EFF and our friends at Electronic Privacy Information Center filed an amicus brief in late November pointing this out to the U.S. Court of Appeals for the Fourth Circuit in a case arising from the 130 million consumer records stolen from Marriott in 2018.  We detailed the science and evidence demonstrating that people impacted by such data breaches run the risk of identity theft, ransomware attacks and increased spam, along with corresponding increased anxiety, depression and other psychological injuries. 

The Fourth Circuit’s decision last week didn’t address our arguments; instead it just kicked the can down the road. The appeals court found that the trial court had not properly considered whether consumers had waived their rights to bring a class action by joining Marriott’s loyalty programs— those programs that advertise huge benefits to loyal customers but put the costs you pay (like decreased ability to sue) into the fine print that no one reads. 

We strongly disagree with the suggestion that any Marriott customer meaningfully agreed to waive a class action here. Few if any customers read a hotel loyalty program’s fine-print terms and conditions, much less knowingly waive their right to bring a class action if the company negligently lets their data fall into the hands of thieves. We hope that on remand, the trial court will reject Marriott’s poorly-taken waiver argument, and we can get back to trying to ensure that consumers have real accountability when companies fail to protect the data they increasingly extract from us.  

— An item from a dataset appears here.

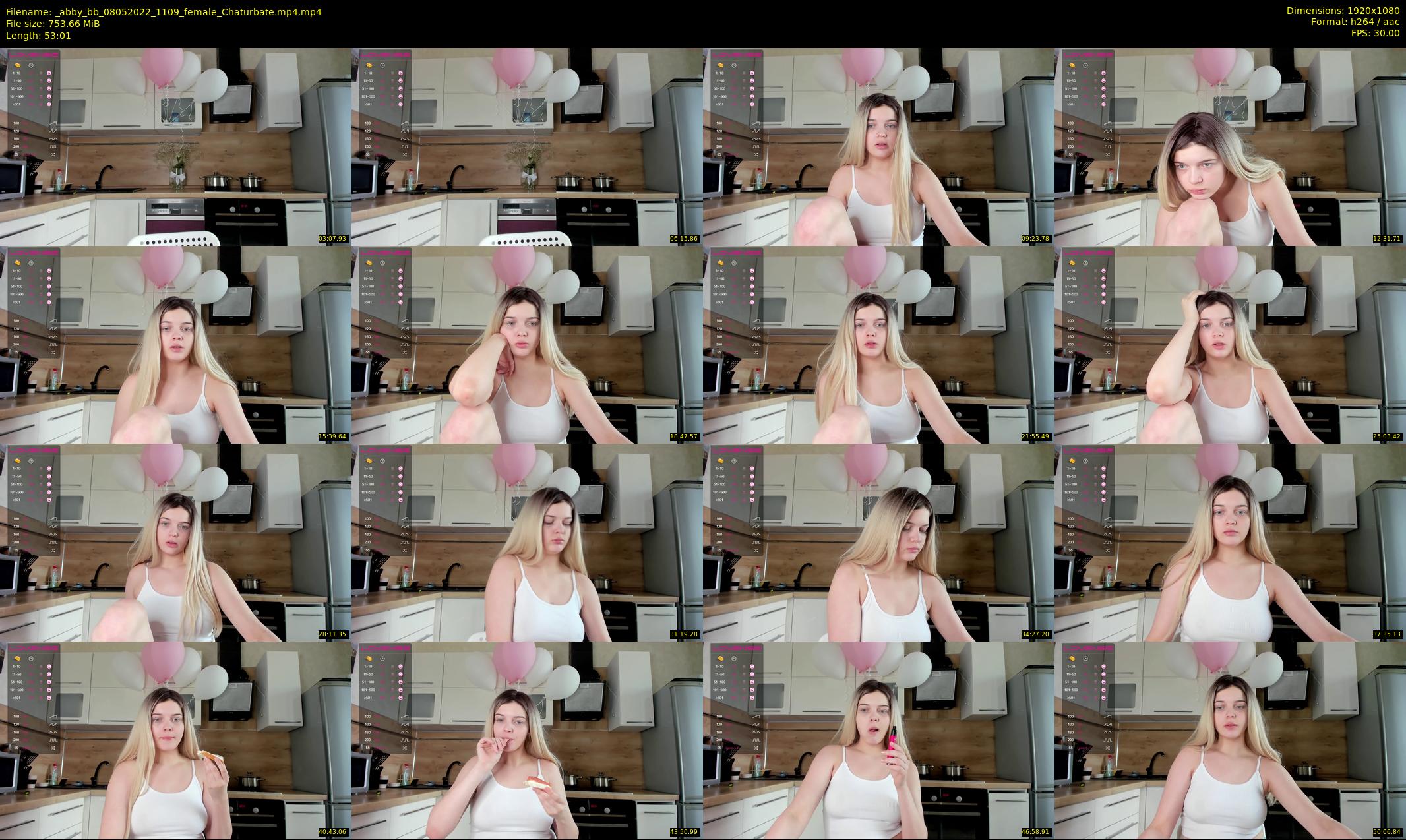 _abby_bb — 54 minute Chaturbate female cam show recording, 1080p, May 8, 2022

This decision highlights one of EFF’s criticisms of the proposed American Data Privacy and Protection Act last year. One of the reasons we did not support the bill was that it failed to override bogus waivers such as this.  Privacy laws need to be strong and not full of holes that leave us without protection because of a single click or some tiny fine print that no one reads. We need a strong data privacy law that prohibits waivers and mandatory arbitration requirements letting companies sidestep users’ basic legal rights.  

We’ll keep watching this important case and standing up for your rights both in the courts and in Congress.